Quote:
Originally Posted by jmecklenborg
Reducing the point-to-point time for multiple routes is as much a matter of improving slow city approaches as it is increasing speed in the open country. Multiple routes often enjoy the improvements enabled by modifying approaches. This work can improve commuter rail as well, where applicable.
In most of the Eastern United States, there isn't a need for 220mph HSR because the distances between the cities are so short. The real point-to-point speed gains are achieved by maintaining a Class 4, if not Class 6 speed across the terminal city metro areas.
As for private ownership, you omitted from your list the tyranny of airline deregulation. The Midwest used to have hubs in St. Louis, Cincinnati, Cleveland, and Pittsburgh. Now the only hubs are in Chicago and Detroit, and that's unlikely to change.
Since Delta moved its secondary hub from Cincinnati to Detroit after 2005, there is now no direct flight between Cincinnati and St. Louis, Cleveland, or Nashville. No rail service connects them either. You're either driving your own car, renting one, or taking Greyhound.
Amtrak won't be competing with airlines in those corridors because the airlines are never coming back.
|
I did not include airline competition earlier because I do not think 125 mph or slower trains can compete with 500 mph jets. 80 mph trains do not compete with automobiles either because the average speeds of the trains are too slow. Amtrak averages around 70 mph on the world famous slow NEC and looses market share to automobiles, with maximum speeds at 125 mph on Amfleets, and 135 mph on Acelas between DC and NYC.
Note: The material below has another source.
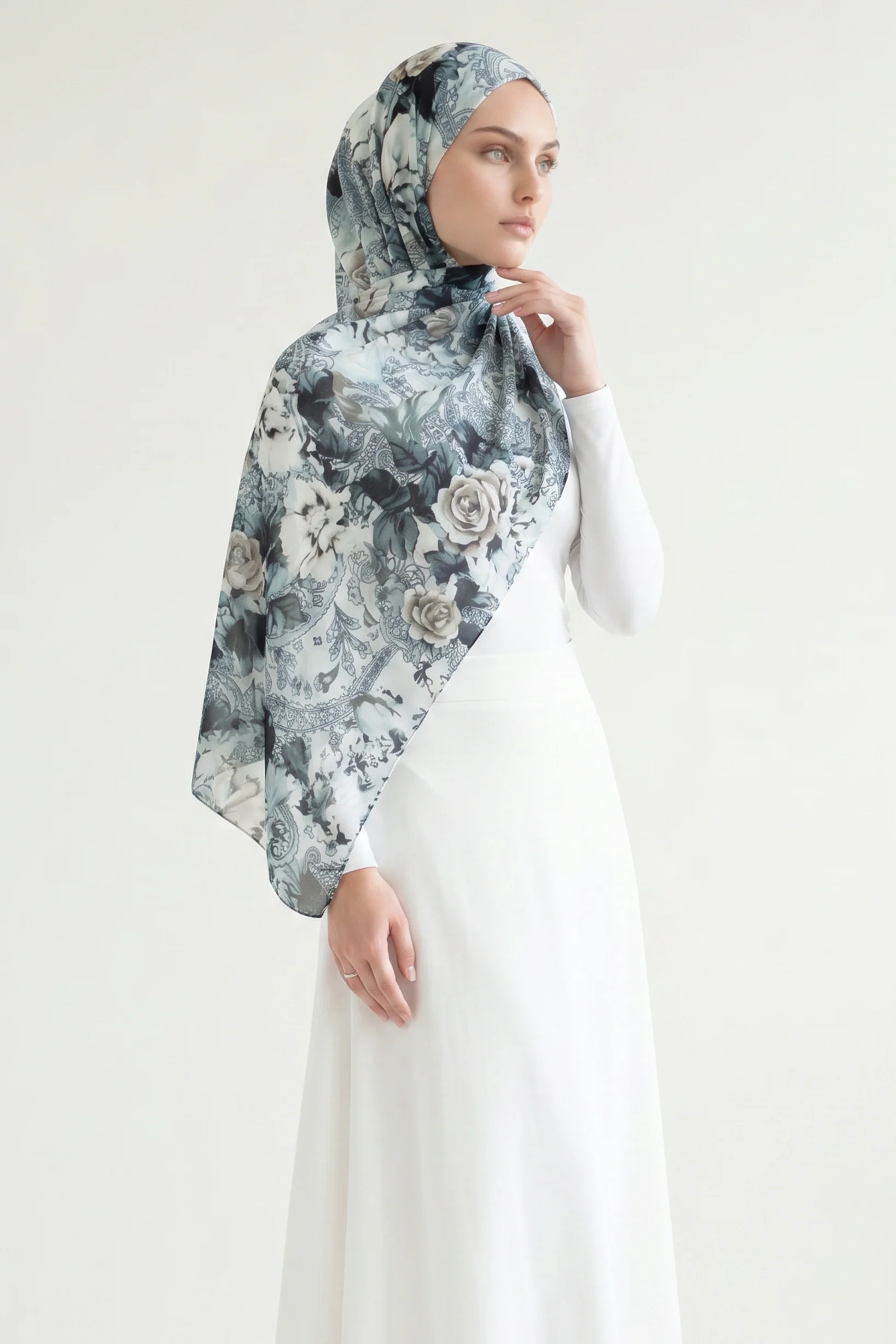 Floretta Swim Shawl - Image 3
In the Midwest area, with major cities 150 to 350 miles apart, not the 60 miles apart on the NEC, you need rail corridors built to a modern standards of the NEC to compete with automobiles, and the fastest speeds of the new Acelas to compete with airlines.
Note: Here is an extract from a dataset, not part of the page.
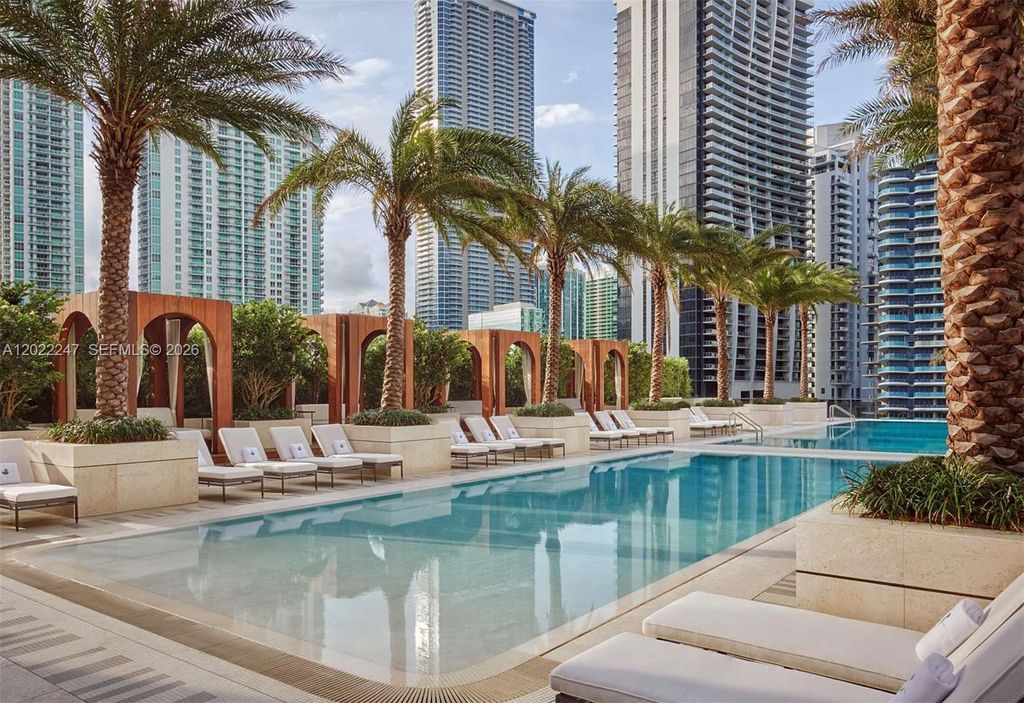 801 S Miami Ave 1709, Miami, FL 33130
Again, I repeat, watch a few of TrainThor's videos observing what the tracks conditions are relative to maximum speed limits. About the fastest speeds you see trains running in Norway on single track lines is 130 km/hr (80 mph). Where they go faster, double track corridors, grade separations, and cab signaling are obviously present and in use.
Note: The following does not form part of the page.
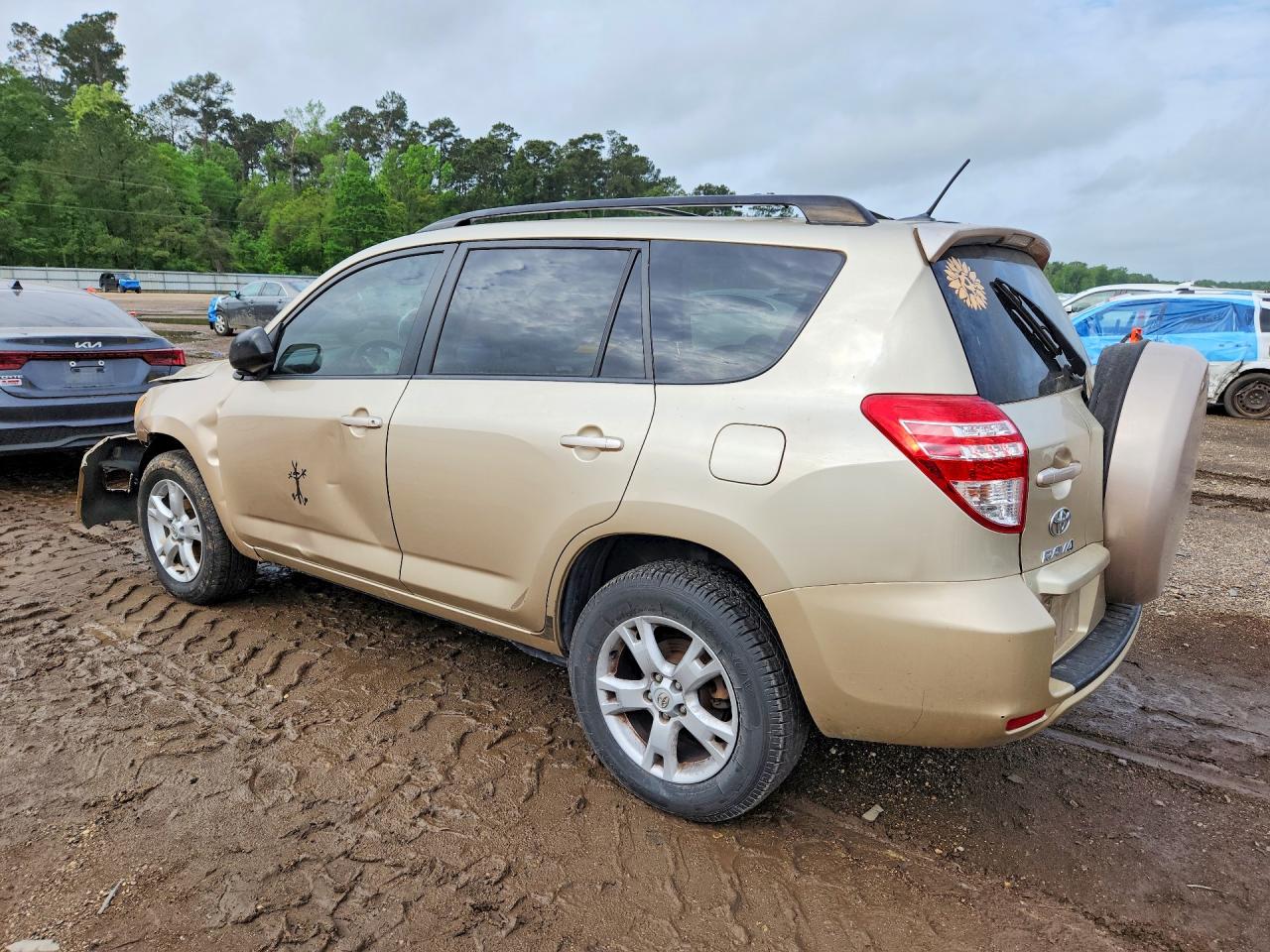 TOYOTA RAV4 2011 — 2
New low cost airlines using even smaller planes than the Airbus 320 and Boeing 737 are entering service every decade, airlines that will replace those leaving relatively small markets. Just give the intercity air market time to adjust. Two new airlines entering services soon will be Avelo and Breeze. While Avelo plans to fly 737-800, Breeze plans to fly Embraer ERJ-190. The necessary infrastructure, the runways and airport terminals, already exist in many smaller cities seeing a loss of airline services. No new expensive higher or high speed rail corridors are needed to build and maintain.
The driving time between Columbus and Indianapolis over 176 miles is 2 hours and 43 minutes. There is no passenger train in service at all. If a 80 mph maximum speed Class 4 trains was built between these two cities averaging 50 mph, the train would take 3 hours and 30 minutes to travel the 176 miles.
The automobile is 45 minutes faster. Northeast Regional trains on the NEC with max speeds of 125 mph average around 70 mph, it would take that higher speed train on a fully grade separated corridor 2 hours and 30 minutes to travel that 176 miles. Barely faster than the automobile.
But the Midwest Initiative is not even planning 125 mph max speed trains, they are planning 80, 90, and 110 mph max speed trains. So the automobile will still be faster.
Likewise for Columbus to Cincinnati, Columbus to Cleveland, Columbus to Pittsburgh, Columbus to Louisville, Columbus to Detroit. Getting the full picture yet? More than one new passenger rail corridor is needed in the Midwest for trains to replace automobiles, even between fairly large metros.
Meanwhile, the freeways and airports already exist, which both provide faster intercity services.